Gewalt und Radi­ka­li­tät gehör­ten zu den The­men, die uns als jun­ge Sozia­li­sten beson­ders beweg­ten. Es gab wäh­rend der Oster­mär­sche durch die Lüne­bur­ger Hei­de ab 1960 span­nen­de Dis­kus­si­ons­run­den mit Kom­mu­ni­sten. Das war sicher­lich über­all so. In dem Lese­buch für die 10. Klas­se »Epi­so­den aus dem Leben gro­ßer Men­schen«, das in der UdSSR und in der DDR ver­brei­tet wur­de, heißt es: »Lenins Bru­der Alex­an­der Ulja­now mach­te Wla­di­mir schon früh mit revo­lu­tio­nä­ren Ideen bekannt. Das Stu­di­um der Geschich­te des Kamp­fes gegen den Zaris­mus, die Hin­rich­tung sei­nes Bru­ders Alex­an­der wegen der Teil­nah­me an der Vor­be­rei­tung eines Atten­ta­tes auf den Zaren über­zeug­ten Wla­di­mir Iljitsch, dass nur eine orga­ni­sier­te Arbei­ter­klas­se im Bünd­nis mit den Bau­ern den Zaris­mus stür­zen konnte.«

Im April 1920 erschien Lenins »Der ›lin­ke Radi­ka­lis­mus‹, die Kin­der­krank­heit im Kom­mu­nis­mus«. Ein heu­te fast ver­ges­se­nes Werk, obwohl sehr aktu­ell. Schon am 14. April 1919 hat­te Lenin in einem Inter­view in der Frank­fur­ter Zei­tung aus­ge­führt, die Hoff­nung auf die Welt­re­vo­lu­ti­on nach dem Okto­ber 1917 sei falsch gewe­sen. Viel­leicht in zehn Jah­ren sei es so weit; inzwi­schen gel­te es, den Sozia­lis­mus in einem Lan­de auf­zu­bau­en. Bereits damals stell­te Lenin also die kom­mu­ni­sti­sche Welt­be­we­gung auf den revo­lu­tio­nä­ren Kampf in nicht­re­vo­lu­tio­nä­ren Zei­ten ein. In der »Kin­der­krank­heit« kri­ti­sier­te Lenin die Ableh­nung der Gewerk­schafts­ar­beit und der Arbeit in Par­la­men­ten, fer­ner die »Kom­pro­miss­lo­sig­keit« vie­ler Lin­ker und das Ver­ständ­nis für indi­vi­du­el­len Ter­ror bei eini­gen.
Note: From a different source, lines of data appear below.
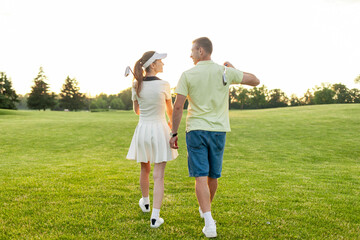 Obraz premium young sports couple in uniform playing golf together on field with lawn at sunset, woman with instructor practicing golf competitions and having active recreation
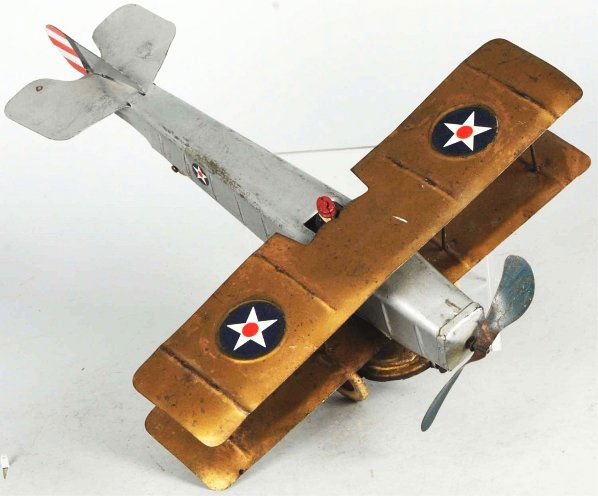 Pressed Steel Kingsbury Airplane Wind-Up Toy.: Bi-wing version. Original prop and tail fins. Includes pilot, white rubber tires, and replaced nut holding wing to plane body. Some overall scratching and wear. Condition (Very Good - Excellent). Size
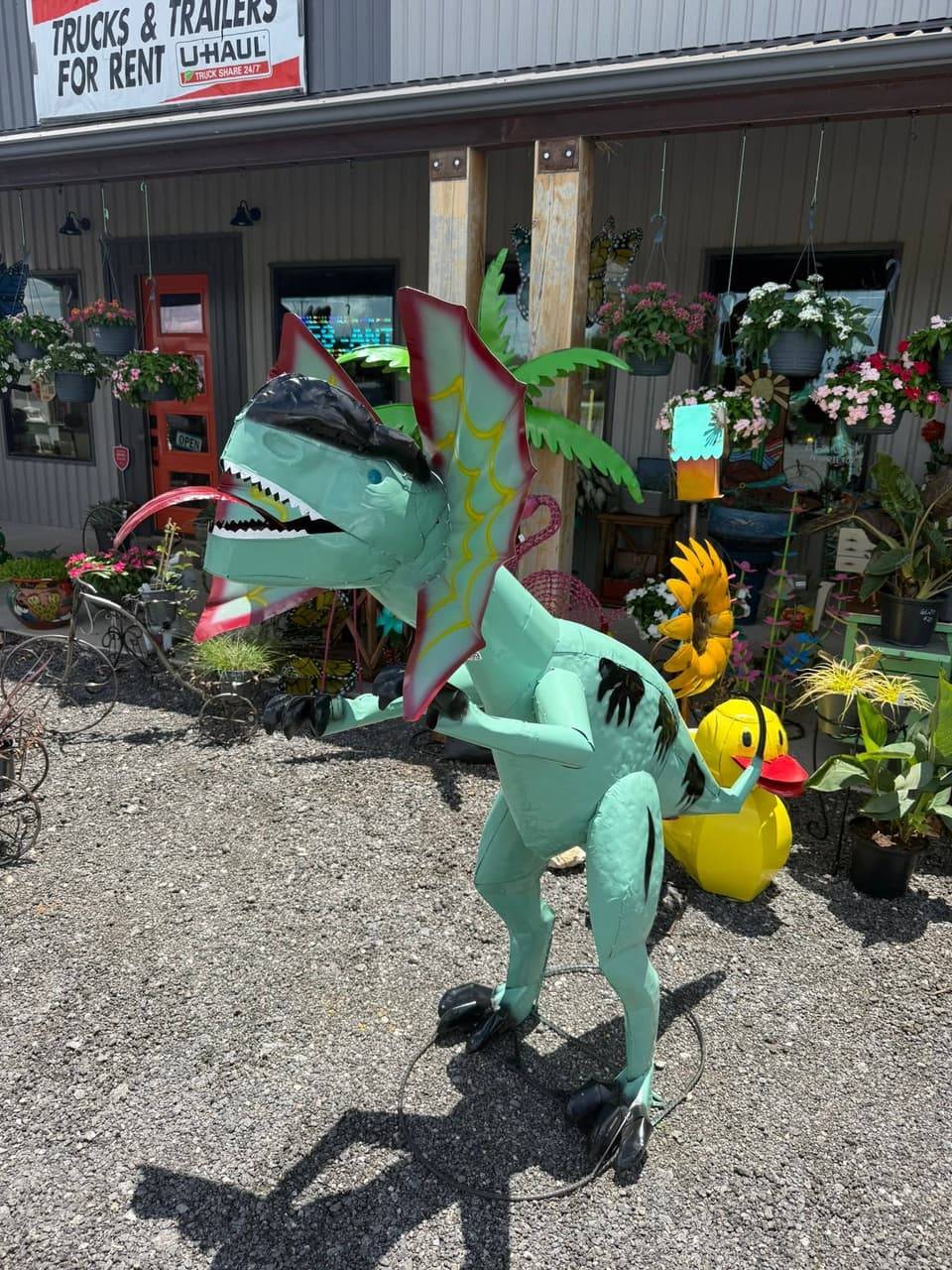Large teal metal dinosaur yard sculpture beside a metal sunflower and a yellow duck on the porch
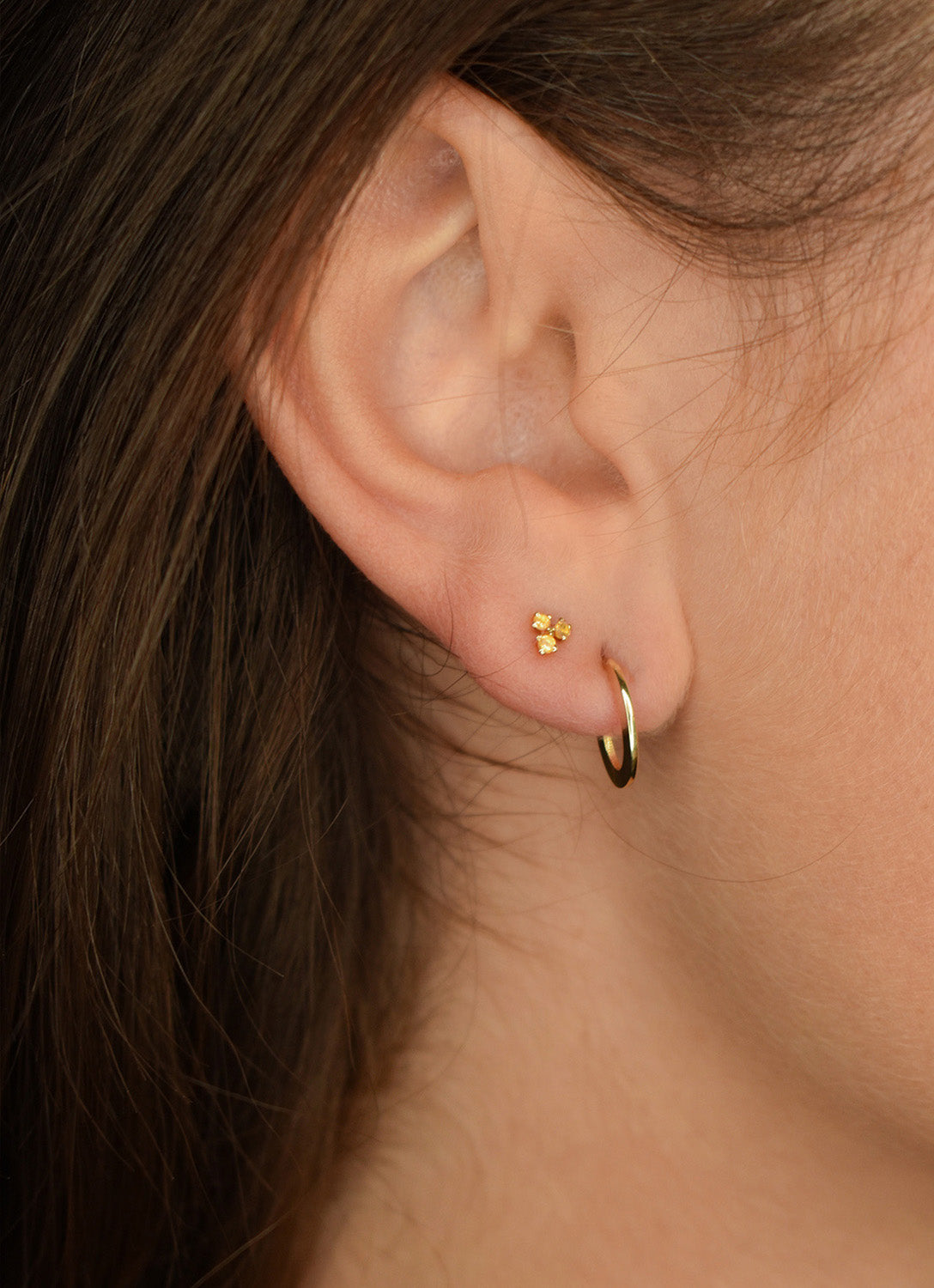 Triangle Citrine Studs in 14K Yellow Gold worn on ear
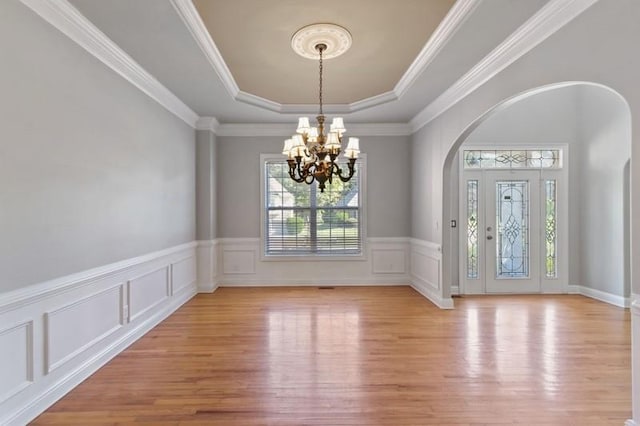 foyer featuring crown molding, a notable chandelier, light wood-type flooring, and a raised ceiling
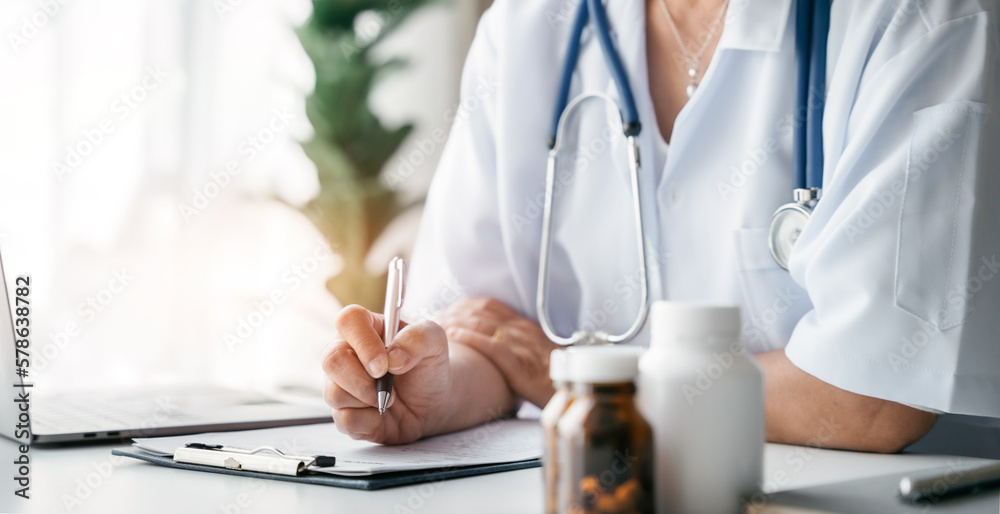 Doctor working on laptop computer and tablet and medical stethoscope on clipboard on desk, electronics medical record system EMRs concept. Doctor working on laptop computer and tablet and medical stethoscope on clipboard on desk, electronics medical record system EMRs concept.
Die Suche nach »Schrit­ten und Über­gän­gen« wur­de nach dem Abflau­en der ersten revo­lu­tio­nä­ren Wel­le nach der rus­si­schen Okto­ber­re­vo­lu­ti­on zur erst­ran­gi­gen stra­te­gi­schen Auf­ga­be. Denn so Lenin: »… ohne eine Ände­rung in den Anschau­un­gen der Mehr­heit der Arbei­ter­klas­se ist die Revo­lu­ti­on unmög­lich; die­se Ände­rung aber wird durch die poli­ti­sche Erfah­rung der Mas­sen, nie­mals durch Pro­pa­gan­da allein erreicht.«

Den­noch hiel­ten die Kom­mu­ni­sten bis 1933 viel zu lan­ge an der Vor­stel­lung fest, es könn­te der revo­lu­tio­nä­re Umsturz unmit­tel­bar erreicht wer­den. Der KPD gelang es daher bis 1933 nicht, den Kurs der reak­tio­när­sten Tei­le des Groß­ka­pi­tals zur Errich­tung der faschi­sti­schen Dik­ta­tur mit einer brei­test­mög­li­chen anti­fa­schi­sti­schen Front zu stoppen.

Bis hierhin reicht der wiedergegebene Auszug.